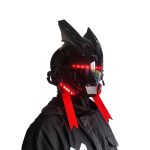 Jaupto Gooti K&uuml;berpunk Mask Kiiver ,tehnoloogiline r&otilde;ivas Mask , Halloweeni Cosplay Tehnoloogia Kiiver , Futuristlik Kiiver LED-valgusega valge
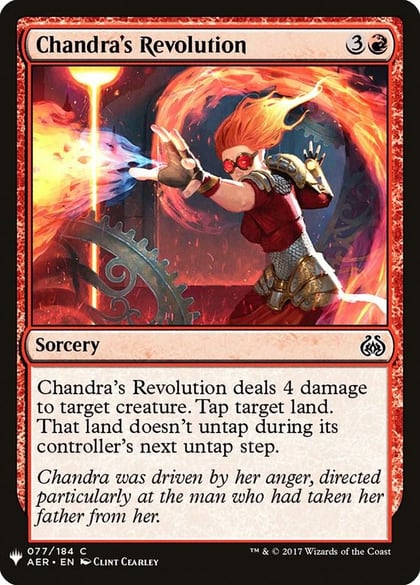 Chandra's Revolution, The List Reprints 77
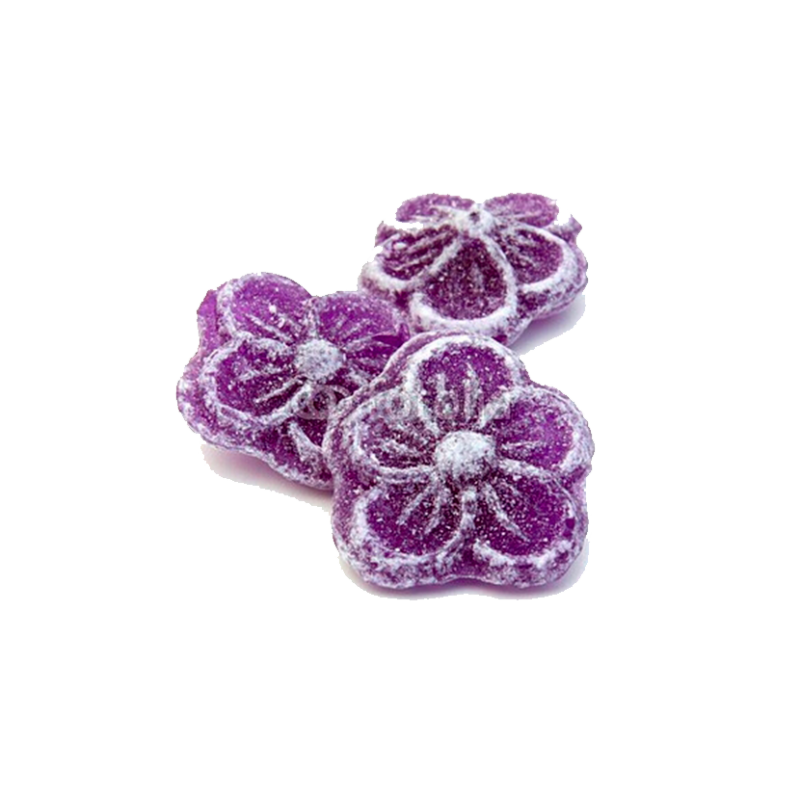 Violet candies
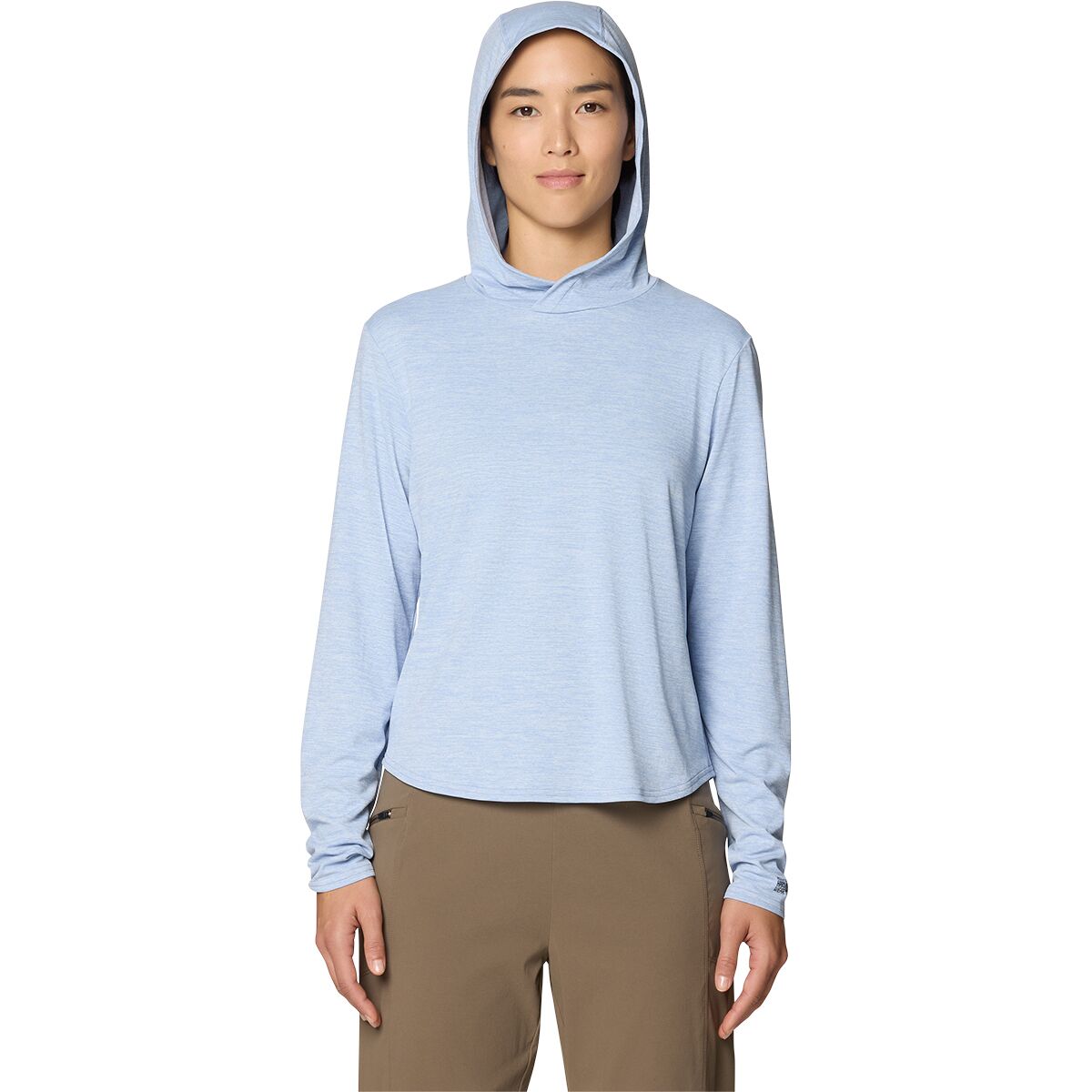 Image of Mountain Hardwear Sunblocker Long Sleeve Hoodie - Women's Beach Breeze, L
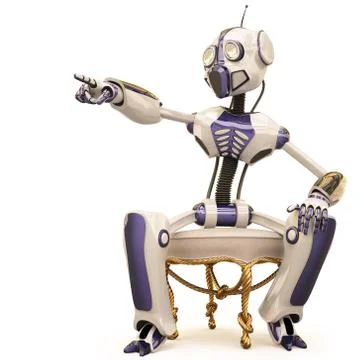 Robot Ilustração Stock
***
▸ **WHAT THE TASK REQUIRES**: A word-for-word copy is needed of the lines from the line holding "Chandra's Revolution, The List Reprints 77" through the end of the records, both included, excluding every picture.

▸ **RESULT FOR THIS TASK**:
 Chandra's Revolution, The List Reprints 77
 Violet candies
 Image of Mountain Hardwear Sunblocker Long Sleeve Hoodie - Women's Beach Breeze, L
 Robot Ilustração Stock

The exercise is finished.